Just when everybody was getting impatient to see what was becoming of the latest Office (code named Office 15), Microsoft decided to release the app suite for an official Public Preview. Called Office 2013, we first caught glimpses of it during a presentation that showed how Excel would look running on an ARM tablet. And a few quick snaps was all the information we had up until now. Office 2013 became available on Monday and we have gone hands on with the entire suite.
Microsoft has worked hard to make Windows RT a good case for replacing laptops and tablets and Office 2013’s touch abilities will go a long way in to making that claim more solid and appealing to the working masses. Office 2013 is really tablet and touch friendly.

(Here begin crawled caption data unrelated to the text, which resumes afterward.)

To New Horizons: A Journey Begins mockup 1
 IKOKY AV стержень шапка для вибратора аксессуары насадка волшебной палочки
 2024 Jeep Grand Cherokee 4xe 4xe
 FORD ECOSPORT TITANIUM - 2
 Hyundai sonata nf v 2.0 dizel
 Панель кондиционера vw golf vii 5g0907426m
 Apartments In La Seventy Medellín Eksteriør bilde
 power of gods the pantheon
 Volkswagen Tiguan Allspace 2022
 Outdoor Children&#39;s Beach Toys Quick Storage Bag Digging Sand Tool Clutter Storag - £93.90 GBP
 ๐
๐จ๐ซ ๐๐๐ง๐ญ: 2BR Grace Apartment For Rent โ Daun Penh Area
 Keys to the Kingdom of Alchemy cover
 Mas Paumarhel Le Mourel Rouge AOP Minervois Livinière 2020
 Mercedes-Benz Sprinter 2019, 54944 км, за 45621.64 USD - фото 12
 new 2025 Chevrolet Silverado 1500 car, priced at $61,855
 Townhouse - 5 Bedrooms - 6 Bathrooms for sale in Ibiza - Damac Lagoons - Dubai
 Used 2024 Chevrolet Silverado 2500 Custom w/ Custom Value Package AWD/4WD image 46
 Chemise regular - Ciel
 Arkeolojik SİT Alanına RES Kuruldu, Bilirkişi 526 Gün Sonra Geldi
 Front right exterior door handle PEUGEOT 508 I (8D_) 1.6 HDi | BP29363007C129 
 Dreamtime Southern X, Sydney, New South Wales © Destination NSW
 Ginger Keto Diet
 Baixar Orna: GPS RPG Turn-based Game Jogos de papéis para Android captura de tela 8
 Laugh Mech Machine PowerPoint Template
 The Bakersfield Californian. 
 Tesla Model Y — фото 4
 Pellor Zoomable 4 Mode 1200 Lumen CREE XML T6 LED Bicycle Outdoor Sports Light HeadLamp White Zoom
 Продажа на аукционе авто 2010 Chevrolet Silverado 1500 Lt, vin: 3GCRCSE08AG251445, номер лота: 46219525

And if you didn’t anticipate it — it is all about cloud integration from this version onwards. Cloud syncing, sharing and syncing of all custom preferences and sharing. SkyDrive naturally is at the fore front here, as all the syncing and sharing is done via the proprietary cloud from Microsoft just like the rest of Windows 8.
Click here to read original Office 2013 review.
If you have worked on any of the latest versions of Office, you will be comfortable working on Office 2013. The interface has remained quite the same, with the ribbon UI intact and well. It is hidden by default but then you can change that whenever you want.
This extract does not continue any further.